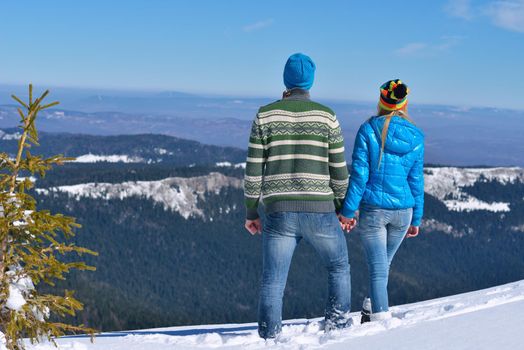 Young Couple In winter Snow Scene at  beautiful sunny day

--

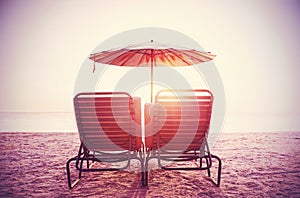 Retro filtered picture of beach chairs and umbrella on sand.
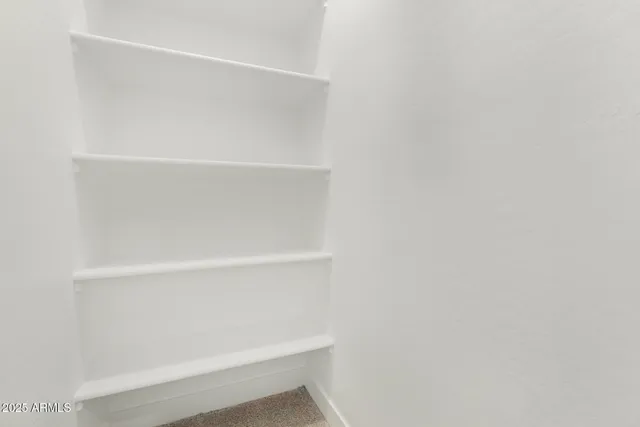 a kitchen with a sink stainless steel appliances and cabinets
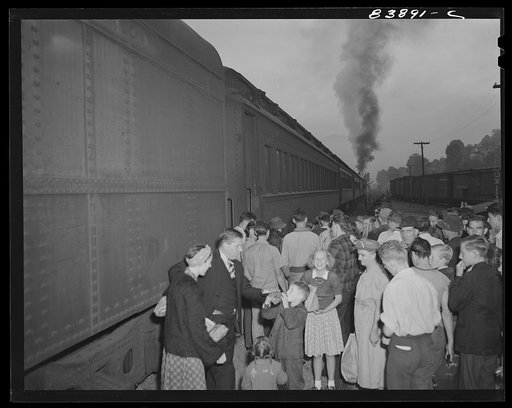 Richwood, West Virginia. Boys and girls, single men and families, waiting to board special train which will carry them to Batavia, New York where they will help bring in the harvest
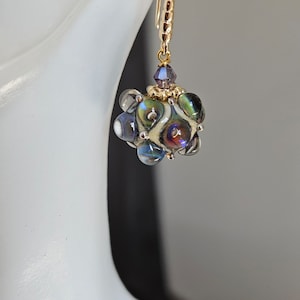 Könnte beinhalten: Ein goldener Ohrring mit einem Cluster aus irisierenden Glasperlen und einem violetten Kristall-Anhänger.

--

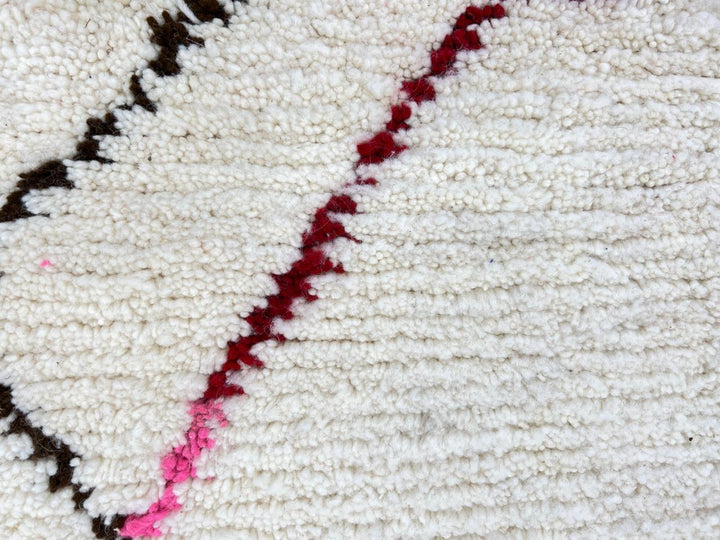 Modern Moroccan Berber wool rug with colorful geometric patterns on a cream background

• **GOAL OF THE EXERCISE**:
While skipping the pictures, transcribe the data above from the line showing "Richwood, West Virginia." through the line showing "Könnte beinhalten: Ein", exactly and with both ends.

• **EXERCISE OUTPUT**:
 Richwood, West Virginia. Boys and girls, single men and families, waiting to board special train which will carry them to Batavia, New York where they will help bring in the harvest
 Könnte beinhalten: Ein goldener Ohrring mit einem Cluster aus irisierenden Glasperlen und einem violetten Kristall-Anhänger.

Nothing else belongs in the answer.